There is talk of reparations, for peoples of times gone by and their descendants to ‘get justice’ for the past. And in principle, I can see how that might occur, with our tendency as a species to live in the past sometimes, and having emotional triggers for it placed so carefully within society. And before I go into the interesting point I want to mention, I want to say that encouragement of this type of thing by the authorities, very neatly takes you away from thinking about justices that should be occurring now. Like, it’s ok, ignore what’s happening now, we’ll just say sorry and chuck some money your way in a few hundred years, if you catch my meaning.

But upon seeing a post about someone being quite miffed at the suggestion of reparations from the UK, because Britain had used 40% of its wealth to abolish slavery in 1833, not even fully paying back what was borrowed for it until 2014. So, I looked further, thinking that it seemed an awful lot of money to borrow and wondered who might have lent it and who in fact may have benefitted from it. Not far to look before you see the name Rothschild pop up, but upon reading the details of the arrangement, I can’t help but think it was all for show, as is much these days so why would it be any different back then? The terms initially of ‘abolishing’ slavery were only applicable to people up to the age of 6, yes, 6. Any over that age was transferred to what they were calling ‘apprenticeships’ – which then morphed into something else. Probably leading in neatly to ’employment contracts’ and paying taxes, making the slaves think they were free, but by constructing society in such a way as to make sure they were tied to be workers for their ‘master’ for the long term, or as we know them today, employers. Yet they were already there hundreds of years before, from 1351 with the Statute of Labourers – part of the moves covered in A Working Strategy. So, people on this island have been tied into certain working conditions for quite some time, with the rules of the slavery being less brutal than other regimes and methods.

And those employers along the way have become slaves to the bigger picture now, being used as middle men, muscle and mercenaries against their own. Divide and conquer as the saying goes. And with those taxes they pimp from us, they then use them to further the enslavement. Also, by publicly calling off slavery by way of payments to compensate all those slave owners, you tie in that country to debt, 200 years of it in fact. Then can conveniently be used as propaganda now, to sow further division and greed amongst the people. As well as making some very wealthy people through that reimbursement, using that borrowed money and taxes. A shift of wealth and a new regime, sound familiar?

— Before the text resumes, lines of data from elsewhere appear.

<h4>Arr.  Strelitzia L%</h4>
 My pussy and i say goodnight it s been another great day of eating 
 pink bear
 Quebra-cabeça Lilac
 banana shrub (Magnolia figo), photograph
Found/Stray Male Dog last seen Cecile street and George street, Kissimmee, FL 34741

Moves in certain countries currently to make a big thing of offering indigenous people and minorities loans has not gone unnoticed. But to me it serves two purposes, and neither of them are to help the ‘people’. Firstly, it ties them into debt they had previously been denied for, loans, mortgages etc, potentially clamouring for them as it had been out of your reach for so long. Secondly, it then causes tension between the people being offered what appear to be better rates and deals. But that’s just how it appears, and the recent inflation rises should be a lesson. That it’s a scale of debt they like to start you on, so it builds up gradually and you are in it for life as they say.

There is an anonymous saying which seems apt here –

‘I freed a thousand slaves. I could have freed a thousand more if only they knew they were slaves’

So, rather than play their little game of jealously, anger, debt and slavery, we should be working together to undo the ideas that created it all in the first place.